Qu’est-ce que la compassion?

La compassion et la pleine conscience peuvent devenir nos pagaies pour nous aider à naviguer les émotions ou les pensées douloureuses.

La définition la plus répandue de la compassion est celle du Dalaï-Lama : une sensibilité à la souffrance de soi et des autres, avec un engagement à essayer de la soulager [1].

Il y a 4 qualités qui distinguent une personne qui fait preuve de compassion [1]:

  1. Sagesse

La sagesse provient de la compréhension des souffrances de l’humain.

  1. Force

La force correspond au courage et à la détermination. La force permet d’être témoin de la souffrance, d’y être sensible et de tolérer les difficultés. Elle inspire le calme, la confiance. Elle permet d’agir lorsque nécessaire.

  1. Chaleur et gentillesse
  2. Attitude sans autocritique et sans jugement

Une personne qui fait preuve de compassion perd l’intérêt à condamner et à blâmer. Elle souhaite faire ce qui est possible pour s’aider ou pour aider les autres à avancer dans une situation difficile. Elle prend responsabilité, mais sans juger ni critiquer. En somme, la compassion est une aptitude qui nous permet d’entretenir une position bienveillante envers soi et les autres.

 

Pourquoi cultiver la compassion pour soi?

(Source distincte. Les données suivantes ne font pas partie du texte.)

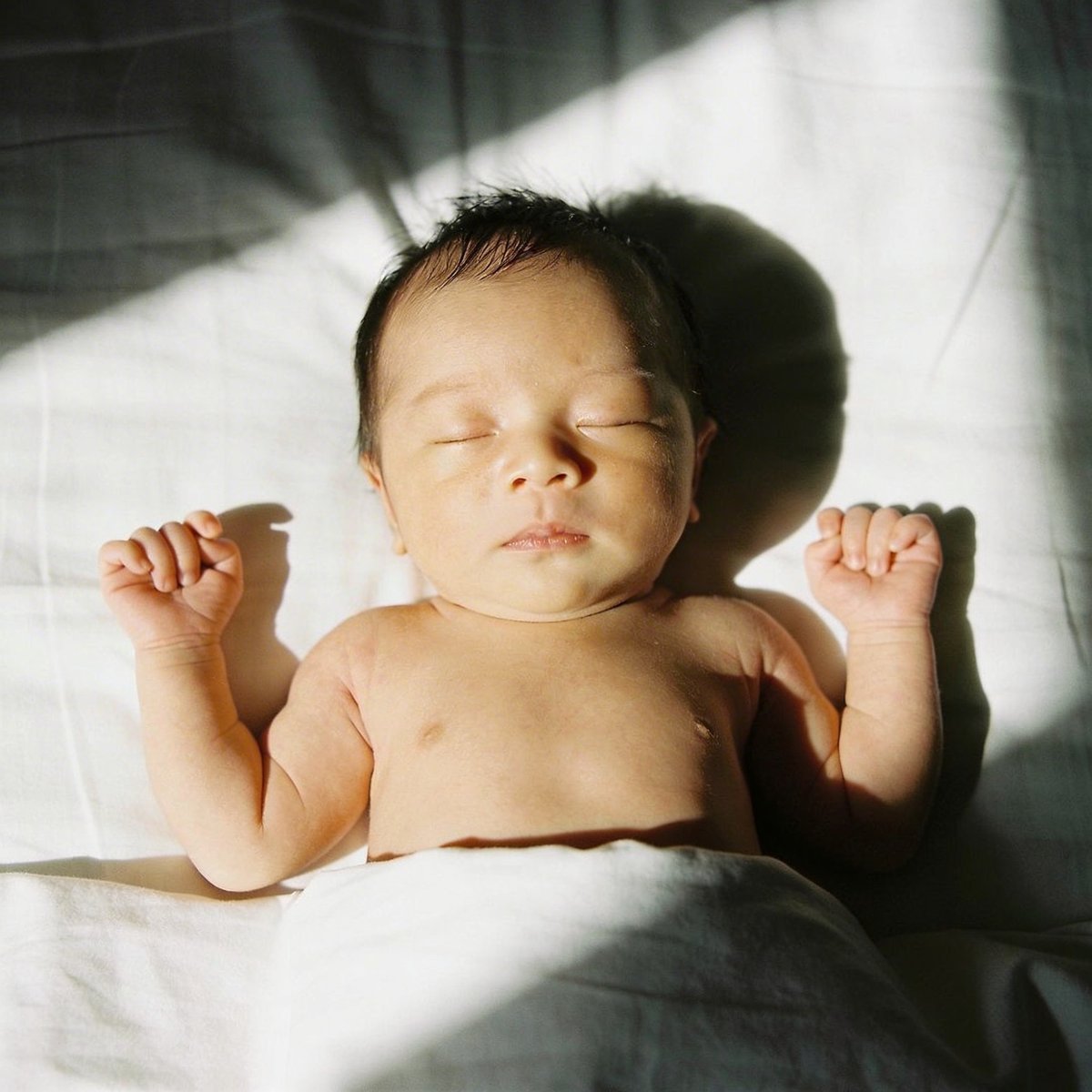 Newborn baby swaddled in cream fabric photographed in gentle window light in an Irish home studio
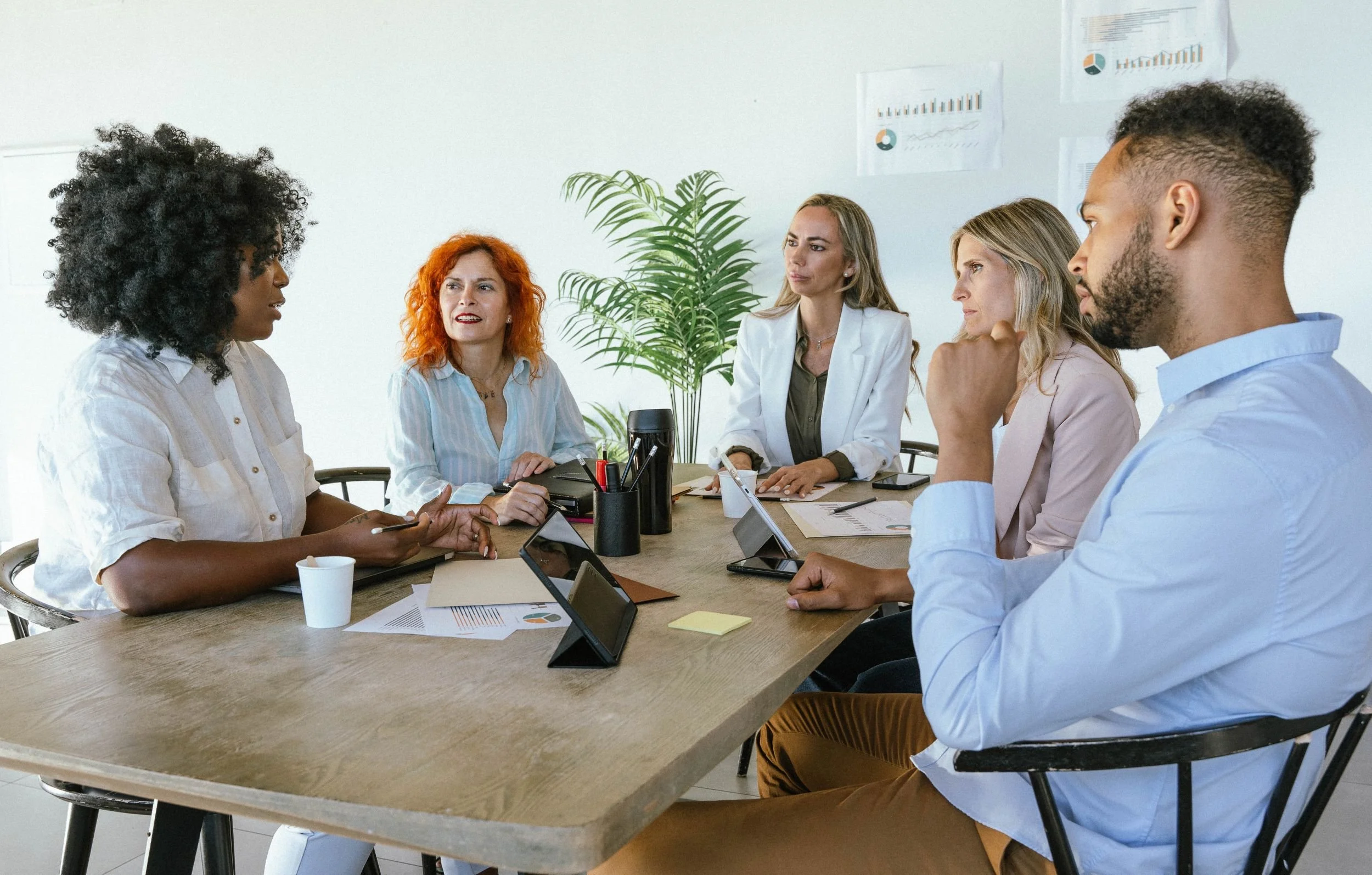 Six diverse people having a meeting around a wooden table in a bright office with charts on the wall and a potted plant.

Quand vous avez très faim et que vous avez devant vous un plat délicieux, que se produit-il dans votre corps? La vue du repas stimule une région de votre cerveau, qui envoie ensuite des messages à votre corps. Vous commencez par exemple à saliver. Maintenant, supposons que vous avez très faim, mais qu’il n’y a pas de nourriture dans votre champ visuel. Vous fermez les yeux et vous imaginez un bon repas à la place. Qu’arrivera-t-il dans votre corps? Vous saliverez quand même. Pourquoi? Car les images que nous créons dans notre mental envoient aussi des messages à certaines parties de notre cerveau. L’image mentale est donc suffisante pour stimuler les mêmes réactions physiologiques.

Voyons un deuxième exemple. Supposons que vous êtes au travail, où un collègue vous intimide et a des paroles blessantes à votre égard. Le niveau de cortisol, l’hormone du stress, risque probablement d’augmenter dans votre corps. Vous pourriez alors ressentir de l’anxiété. Maintenant, imaginez que vous êtes votre propre intimidateur : vous vous critiquez et vous vous rabaissez très souvent. En faisant cela, vous stimulez aussi des sensations ou des émotions désagréables. Ces exemples montrent que les pensées et les images que nous créons stimulent des réactions puissantes du cerveau et du corps.

Inversons maintenant ces situations. Imaginez que vous faites une erreur et que vous êtes fâchés envers vous-même. Si quelqu’un a une attitude accueillante, bienveillante et compréhensive envers vous, cela réduira sans doute l’intensité de votre frustration.

Ainsi, plutôt que de suivre l’automatisme des pensées autodestructrices, nous pouvons choisir d’orienter notre mental vers des pensées et des images de compassion pour nous-mêmes. En apprenant à faire preuve de plus de compassion envers soi, à générer des pensées et des images de compassion, cela permet de ressentir plus de compassion pour soi-même. Au fil du temps, cette attitude de compassion nous apaisera et nous aidera à passer au travers des moments plus difficiles.

 

Attention!

Ressentir de la compassion pour soi est une aptitude qui se développe. Pour se sentir différemment et ressentir de la compassion pour soi, il faudra d’abord cultiver la compassion. Au début de votre nouvelle pratique, vous générerez probablement des pensées alternatives empreintes de compassion, mais en les entendant d’une façon froide et détachée. Focalisez-vous plutôt sur votre intention de ressentir de la compassion. Pour vous aider, souvenez-vous des quatre qualités de la compassion.

Je présenterai, dans un autre billet, quelques pistes concrètes pour cultiver la compassion.

Écrit par Dre Marie-Eve Turgeon, psychologue

 

Référence

  1. Gilbert, P. (2010). Compassion focused therapy: The CBT distinctive features series. Hove, England: Routledge.